Pour illustrer mon propos, si on saisit les mots « orekit data context » dans un moteur de recherche, l’échange à ce sujet sur le forum, celui où un contributeur a proposé d’implanter cette fonction en expliquant pourquoi et comment, avant de revoir son design pour intégrer un autre cas d’usage signalé par un utilisateur, a longtemps été le premier résultat renvoyé. Cet échange tend désormais à être supplanté par des liens vers la documentation, preuve que le contributeur a bien fait les choses (i.e. documenté la fonction). :)

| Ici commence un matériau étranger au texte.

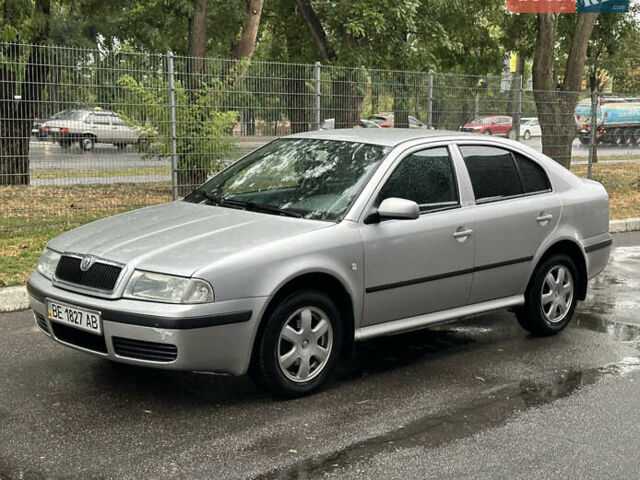 Серый Шкода Октавия, объемом двигателя 1.6 л и пробегом 237 тыс. км за 4650 $, фото 9 на Automoto.ua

Je ne nie pas l’intérêt d’un chat. Je souligne juste qu’il n’est pas un accumulateur de connaissances, qu’il ne rend pas une communauté visible et qu’il ne montre rien de son dynamisme. Un chat, c’est un espace de discussion, le bar du projet, réservé aux membres du club, même si l’adhésion est gratuite et ouverte à tou⋅te⋅s.

Le forum contribue, lui, à la visibilité du projet ou, plutôt, de sa communauté. Il est tourné vers l’extérieur autant que vers l’intérieur. Pour moi, le choix d’un forum est tactique.

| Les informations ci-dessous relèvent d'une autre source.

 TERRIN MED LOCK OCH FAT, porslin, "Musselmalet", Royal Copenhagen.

Je sais que cet article ne fera pas retourner leur veste aux accros de Discord et je n’ai pas cette ambition. Mais quand j’entends des personnes se plaindre de la difficulté qu’elles ont à faire grossir leur communauté et que je vois qu’elles ont pour seul et unique lieu de discussion un salon Discord, je me dis qu’il ne faut pas chercher plus loin la cause du mal. Cela est valable pour les projets libres comme pour les tiers-lieux.